More than 600 people currently teach at the university, but not all of them are faculty members. Initial notice was sent to the AAUP-WSU executive committee and the Faculty Senate in November, the university said.
In her letter to the board, Edwards said she was provided separate detailed recommendations. One set was submitted by Interim Provost Douglas W. Leaman and the others were provided by the Joint Committee on Retrenchment.
Wright State has seen enrollment decrease over the last few years that has led to large revenue losses.
In his report to Edwards, Leaman, who is leaving the university on Feb. 21, said “the recent declines in first-year enrollment make it virtually certain that our overall enrollment will continue to decline through at least 2023. At that point, multiple forecast models indicate that enrollment will be approximately 8,000 to 10,000. Peer institutions with enrollment in that range employ circa 375 faculty; Wright State currently employs 489. Simply put: the size of our academic workforce is greater than what is necessary (or even customary, among our peers) based on our current and expected enrollment. The university must adapt.”
The school’s enrollment in 2017 was around 17,000 students. Enrollment has declined by more than 30% in the last five years, according to the university.
On Friday, Edwards is also expected to recommend to the board the university spend up to $1 million in the current academic year on enrollment and retention efforts.

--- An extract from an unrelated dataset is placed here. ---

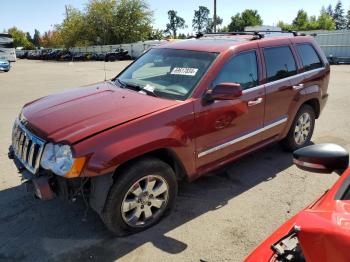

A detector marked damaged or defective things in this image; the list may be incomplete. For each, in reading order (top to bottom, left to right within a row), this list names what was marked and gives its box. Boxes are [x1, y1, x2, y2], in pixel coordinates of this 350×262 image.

dented hood [22, 82, 178, 143]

“If the Board authorizes the additional expenditure, I will consult with Faculty Senate on ways faculty can engage to the greatest effect. Last year the University supported Faculty Senate initiated efforts around specific faculty-led recruitment and retention efforts and this additional investment can build off of that foundation,” Edwards’ letter says.

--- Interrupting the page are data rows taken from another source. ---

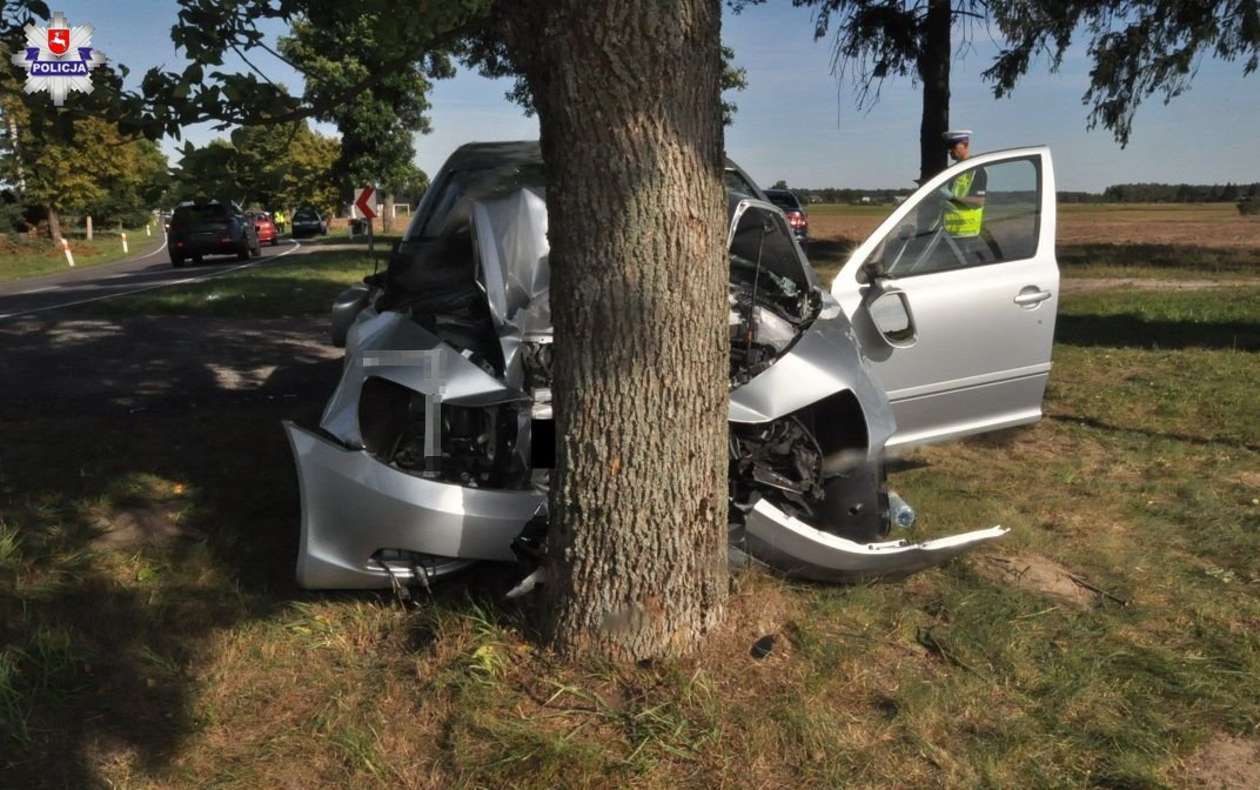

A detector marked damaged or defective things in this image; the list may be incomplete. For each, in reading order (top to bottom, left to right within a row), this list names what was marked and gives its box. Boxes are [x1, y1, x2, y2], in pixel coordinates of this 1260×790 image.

detached front bumper [283, 423, 544, 589]
damaged front end [286, 140, 1002, 587]
broken car body panel [288, 140, 1023, 587]
silver wrecked car [283, 140, 1053, 587]
detached front bumper [740, 496, 1008, 584]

Oliver H. Evans was named the new interim provost Wednesday. Evans has more than 30 years of administrative experience in higher education, including through major organizational changes, faculty and staff reductions, academic reorganizations and issues with enrollment, a Wright State press release said.
Wright State said in a press release that its decision to invoke the agreed-upon process for bargaining unit faculty workforce reductions is its latest effort to implement initiatives aimed at preserving the university’s ability to continue fulfilling its educational mission and serving its students.

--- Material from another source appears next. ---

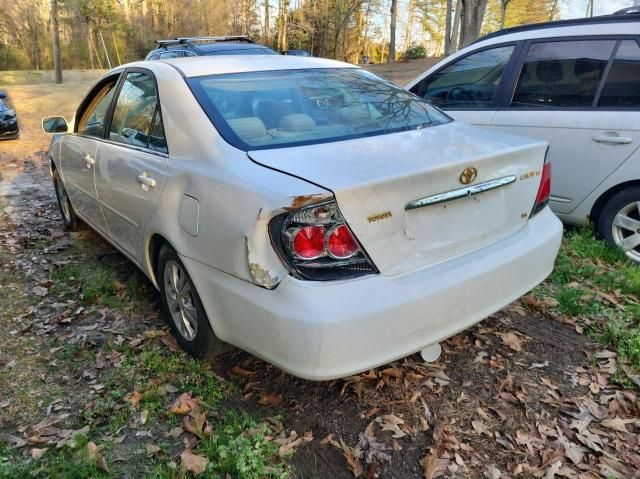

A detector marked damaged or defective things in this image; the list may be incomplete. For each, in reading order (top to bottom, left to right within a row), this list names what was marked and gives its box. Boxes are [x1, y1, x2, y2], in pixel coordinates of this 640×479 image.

Prior initiatives have included steep budget realignments, new operational expense controls, alignment of limited resources to critical needs, non-bargaining-unit workforce reductions and the elimination and attrition of numerous administrative positions.
The university has managed to remain afloat financially by making cuts, including layoffs in recent years. But the COVID-19 pandemic has added to its financial hardship.
As a result, the university will generate less revenue in the next couple of fiscal years, the school said during its Board of Trustees meeting in September. The institution is expecting revenues for the upcoming year to be about $25.6 million below this fiscal year’s actual revenues, according to documents from the meeting. Officials are also projecting a net operating deficit of $11.7 million for 2021, the document says.
In June, the Board of Trustees approved a Fiscal Year 2021 budget with expected revenues of $210 million, down from revenue of about $257 million.
That same month, school leaders expected a budget surplus of $1 million by the end of the current fiscal year. However, long-term demographic, educational and enrollment trends are not on the institution’s side, Greg Sample, the university’s chief operating officer said at the time.
Edwards said in her letter to the board this was not an easy decision.
“The Dayton Region needs a Wright State that they are proud of, and one that ensures the surrounding communities thrive,” Edwards said. “I acknowledge that change is sometimes painful, but we will succeed by working together.”
AAUP-WSU faculty president Noeleen McIlvenna said she was “bewildered that they would choose to do this now.”
“I’m disappointed. We just saw in the committee reports that they are going to have a surplus of $7 million this year, which was supposed to be one of the terrible years. So right up to the last minute I’d hoped they wouldn’t do this. And we hope it doesn’t send a bad message, you know, to the community to the students who are planning to come,” she said.
McIlvenna said she has deep concerns about the process.
“I think they don’t like the concept of tenure, the concept that they can’t fire people at will. They’re hoping to get a cheaper workforce. I mean, this is what this will lead to in a couple of years. I understand that in a business, your profit is your marker of success, but in a public institution, educated people are your marker of success. You’re not trying to make a profit. You have to manage the money and you can’t lose any,” she said.